As Chief Medical Officer in the Department of Health, Dr Holohan has led the National Public Health Emergency Team (NPHET) in providing national direction and expert advice on the development and implementation of Ireland’s response to the pandemic.
RCSI President, Professor Ronan O’Connell, said: “I congratulate Dr Holohan on his award of Honorary Fellowship of RCSI. Dr Holohan’s contribution to Irish healthcare long predates the pandemic, yet this will be his legacy.
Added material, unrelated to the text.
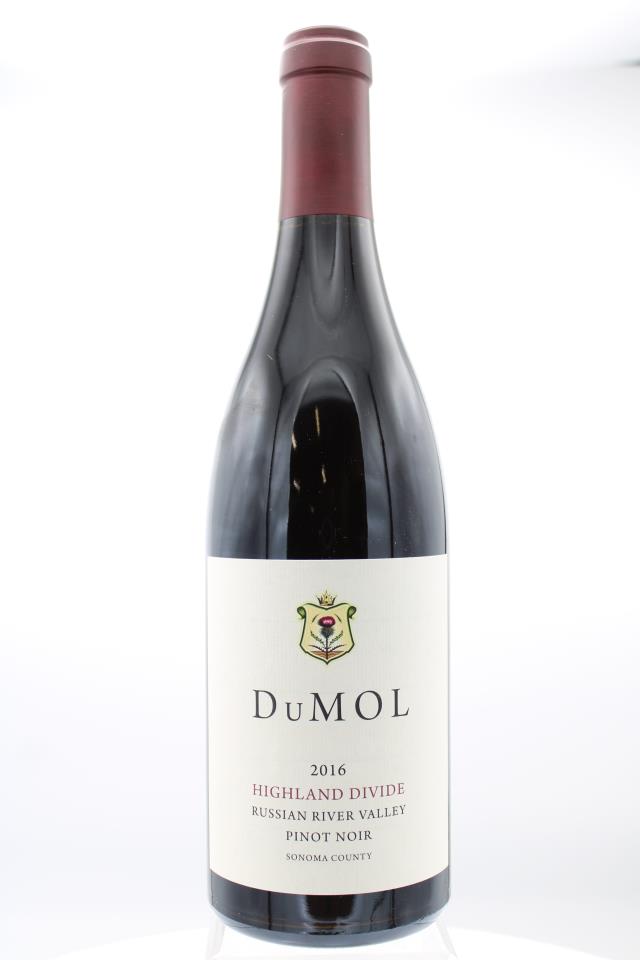 DuMol Pinot Noir Highland Divide 2017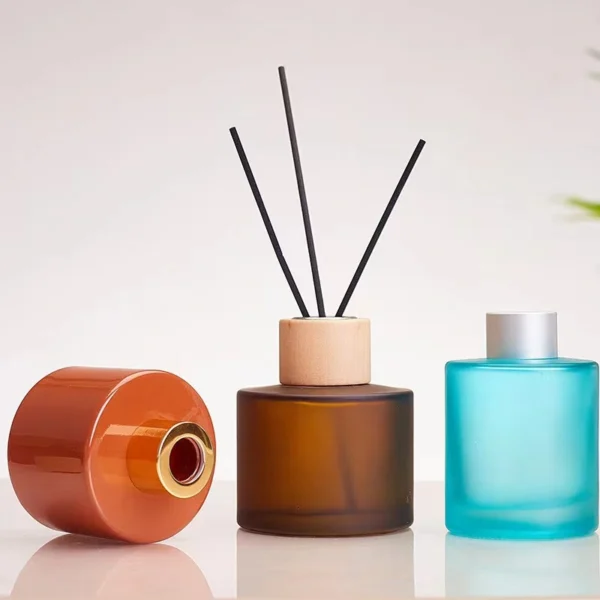 Decoration 50ml Glass diffuser Bottle with Stick Diffuser - Image 4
Putting public health first, Dr Holohan has been transparent from the start, providing clear information which inspired trust and cohesion among a great majority of Irish people.”
Professor Cathal Kelly, RCSI CEO, said, “Under Dr Holohan’s stewardship, early and decisive action was taken, putting Ireland in a stronger position to manage the first wave of the virus than our neighbours to the east and the west. Since then, as we have moved through three waves, Dr Holohan has been steadfast and consistent in putting the health of Irish people first. We thank him for his service to our country and the outstanding example of public service and vocation he has shown for the healthcare leaders of the future.”
Following his graduation, Dr Holohan trained in General Practice. He went on to study for a Masters in Public Health, which he achieved in 1996, graduating with honours and in first place. He was awarded membership of the Faculty of Public Health Medicine in 1998 after undertaking a major project on the health of homeless people for his thesis.
During his training as a Specialist Registrar in Public Health, Dr Holohan was awarded two research grants by the Health Research Board to study the health of men, women and children living in hostels and temporary rented accommodation. Other areas of work during this time included communicable disease control, cluster investigation and health intelligence.
Dr Holohan was appointed Deputy Chief Medical Officer in the Department of Health in 2001, a role he had for eight years before being appointed Chief Medical Officer. Shortly afterwards, he dealt with a serious public health crisis after the discovery of potentially harmful dioxins in Irish pork. This was quickly followed by swine flu in 2009. Since then, he has continued to work tirelessly on a wide range of major policy issues including health service reform, patient safety and quality in health care, health technology assessment, health protection and emergency planning, Healthy Ireland, alcohol and tobacco control, bioethics and reproductive health.
Founded as the national training body for surgery in Ireland, RCSI has been at the forefront of healthcare education and research since 1784. Today, RCSI is an innovative, world-leading international health sciences university and the professional training body for surgery in Ireland.